DATASET SECTION START

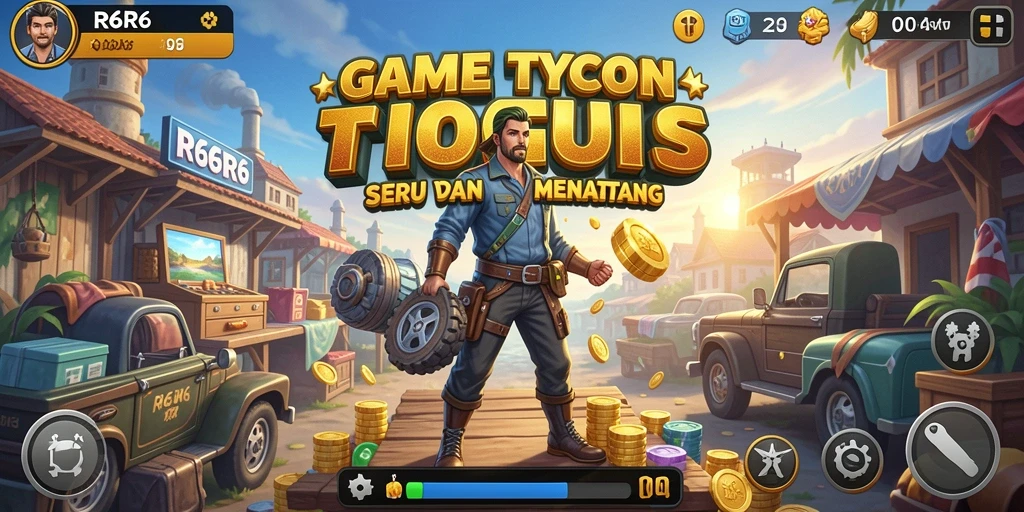 Tampilan gameplay R6R6 yang seru dalam membangun bisnis Tycoon.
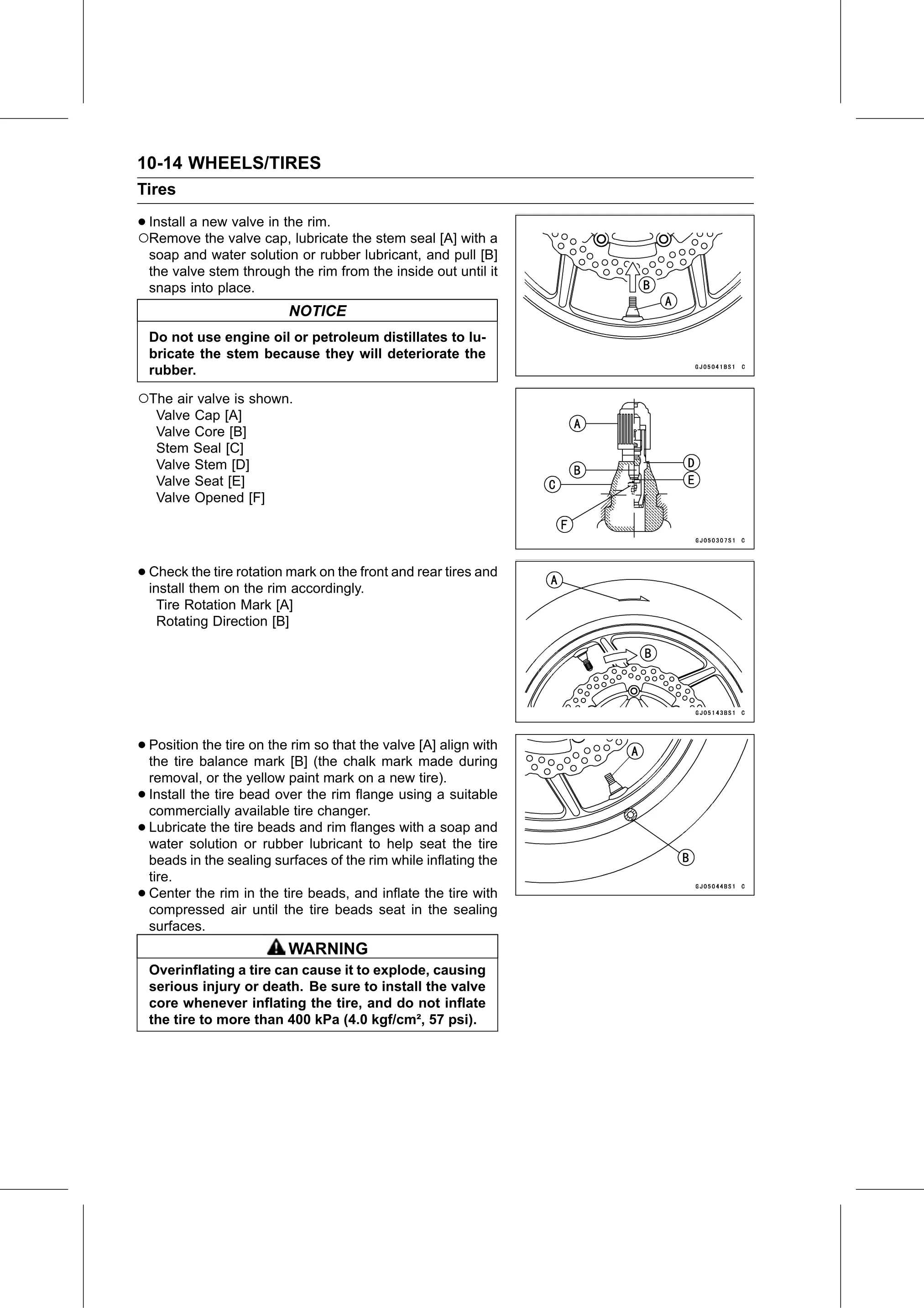 Service Manual page 402 — Wheels/Tires › Tire Installation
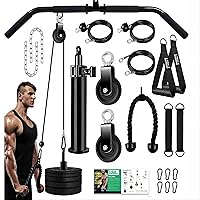 Home Gym Pulley System, Tricep Workout Pulley System for LAT Pulldown, Biceps Curl, Triceps, Shoulders, Back, Forearm Workout, Weight Cable Pulley System for Squat Rack, Garage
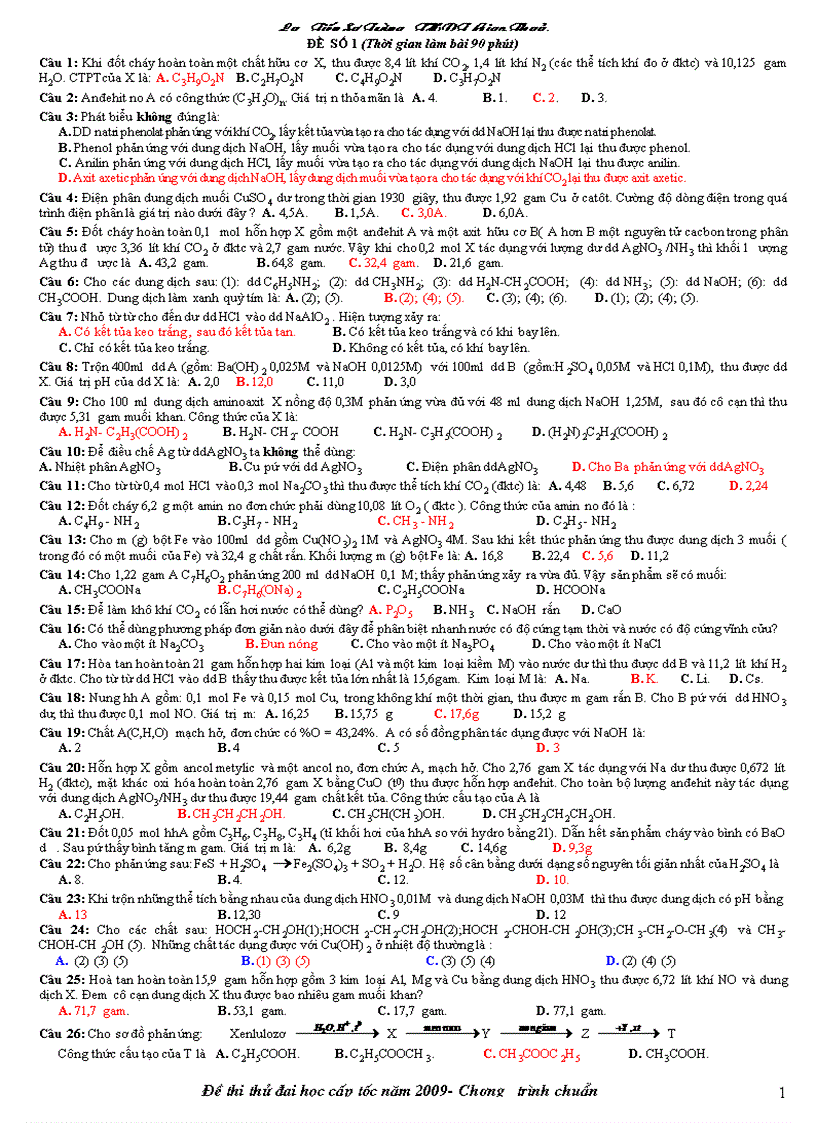 image for page Đề hóa ôn thi 2010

DATASET SECTION END

From the first line to the last, write out the data exactly, omitting any pictures.

| EXERCISE RESPONSE |
 Tampilan gameplay R6R6 yang seru dalam membangun bisnis Tycoon.
 Service Manual page 402 — Wheels/Tires › Tire Installation
 Home Gym Pulley System, Tricep Workout Pulley System for LAT Pulldown, Biceps Curl, Triceps, Shoulders, Back, Forearm Workout, Weight Cable Pulley System for Squat Rack, Garage
 image for page Đề hóa ôn thi 2010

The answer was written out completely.